Tuesday, 13 December 2016 20:11

Alnmouth beach Alnmouth beach © Shutterstock

This event gave a day packed with interest to the fifty or more guests and supporters...

...who assembled at the Westfield Park Community Centre in Longhoughton on Friday, 2 December. Cllr John Woodman, Chair of the Partnership, introduced the hand-picked team of professionals who described their current projects to us before a series of guest speakers from various spheres of life in the area spoke knowledgeably and enthusiastically about their work. Contributions came in from so many different disciplines and areas of expertise, and talk after talk was so peppered with fascinating facts and illuminating insights the mind simply boggled at the scale of it all.

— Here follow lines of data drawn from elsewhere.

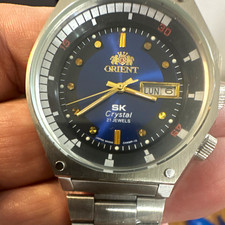 Orient SK Crystal Automatic 21 Jewels Blue Dial Day/Date SS Bracelet Watch picture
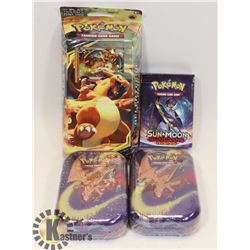 LOT OF POKÉMON THEME DECKS & COLLECTORS TINS WITH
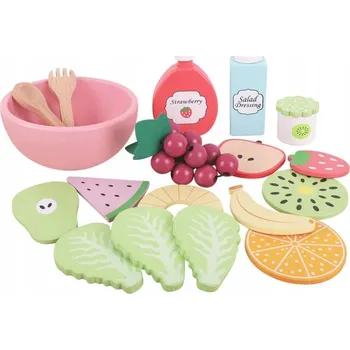 Dřevěná hračka Dřevěná Sada na Salát pro Děti Salátová Mísa Příslušenství Montessori
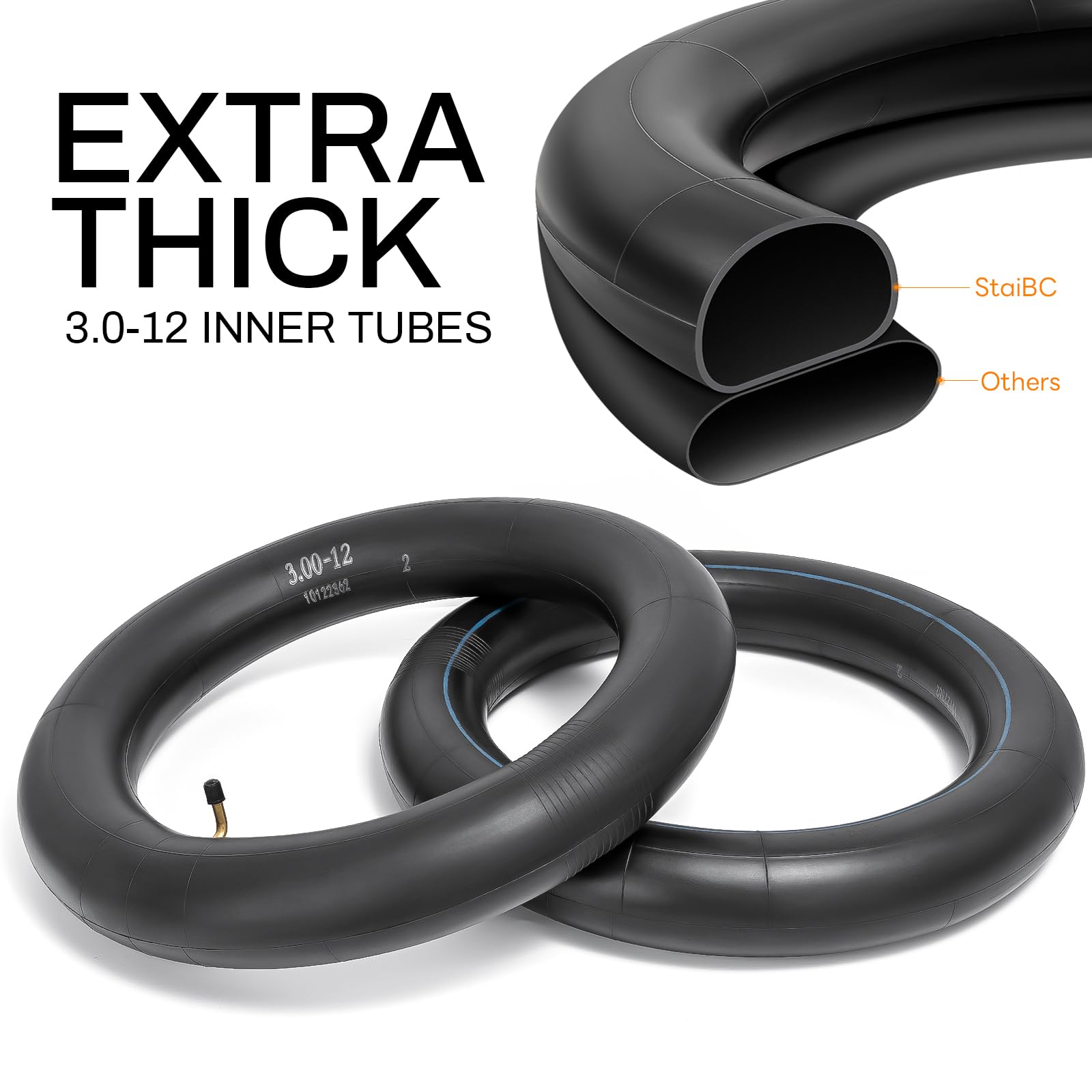 HIAORS 12-Inch Inner Tubes – 3.00-12 / 80/100-12, Straight Valve, 2-Pack For Pit Bikes & Dirt Bikes - View #12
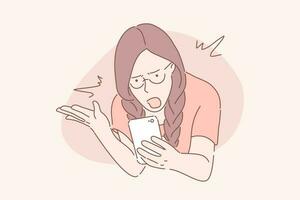 Anger, frustration, confusion concept. Nervous girl looking at smartphone screen. Furious teenager irritated with phone malfunction. Mad woman angry with bad message. Simple flat vector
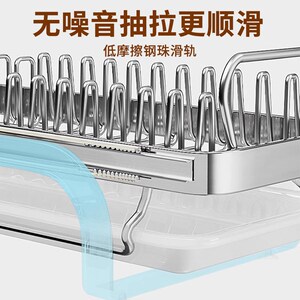 不锈钢抽拉碗架厨房橱柜内置拉篮抽屉式碗碟收纳架碗盘碗筷沥水架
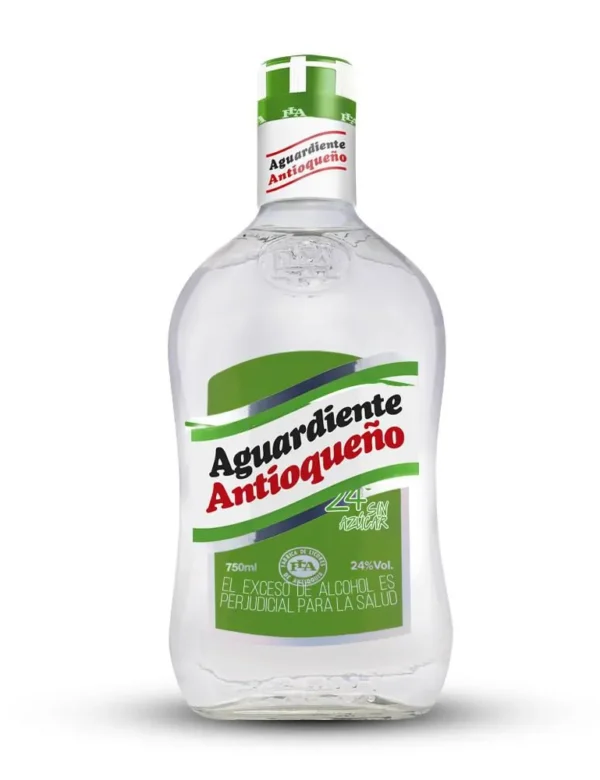 AGUARDIENTE ANTIOQUEÑO VERDE 24 SIN AZUCAR 750ML MEDELLIN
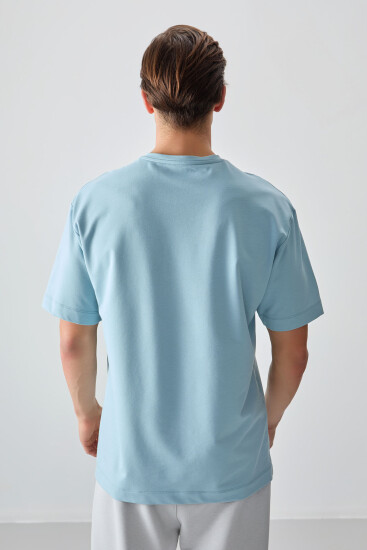 Açık Mavi Pamuklu Kalın Yumuşak Dokulu Oversize Fit Basic Erkek T-Shirt - 88377 - Thumbnail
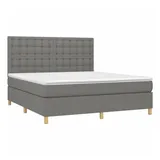 vidaXL Boxspringbett mit Matratze Dunkelgrau 160x200 cm Stoff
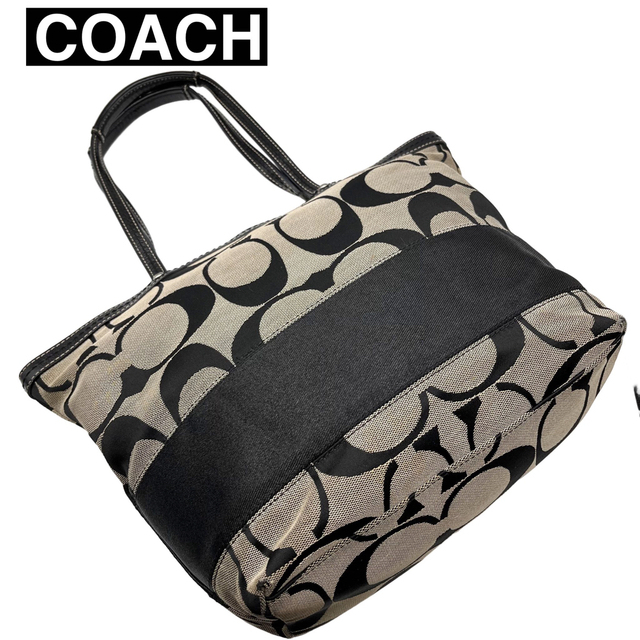 COACH(コーチ)のCOACH コーチ シグネチャー レザー キャンバス トート バッグ ブラック系 レディースのバッグ(トートバッグ)の商品写真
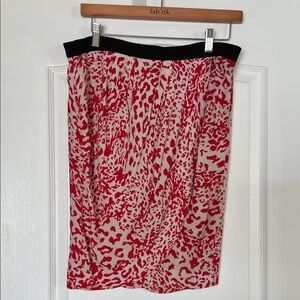 Fabric Red Patterned Pencil Skirt with Black Waistband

Holy Island provided one focus of interest. Richard Carlton of the Peregrini Landscape Partnership described how the community on the island has been involved in an archaeology investigation trying to unravel and trace the relationships between buildings and people back into the past. Nick Lewis of the National Trust explained just why the iconic Lindisfarne Castle has had to be closed for essential and far-reaching repairs to its architectural fabric, and showed us the sheer scale of the task of remedying the problems.

shutterstock Northumberland arctic terns web

Arctic terns                                                                                        © Shutterstock

Research into sustainable tourism by Sam Isaac brought us face to face with the practicalities of an industry vital to the economy of north Northumberland, while a 'state of nature' report from Mark Eaton, Principal Conservation Scientist with the RSPB, reminded us of one of the key drivers of that tourism industry, the bird life of the Farne Islands.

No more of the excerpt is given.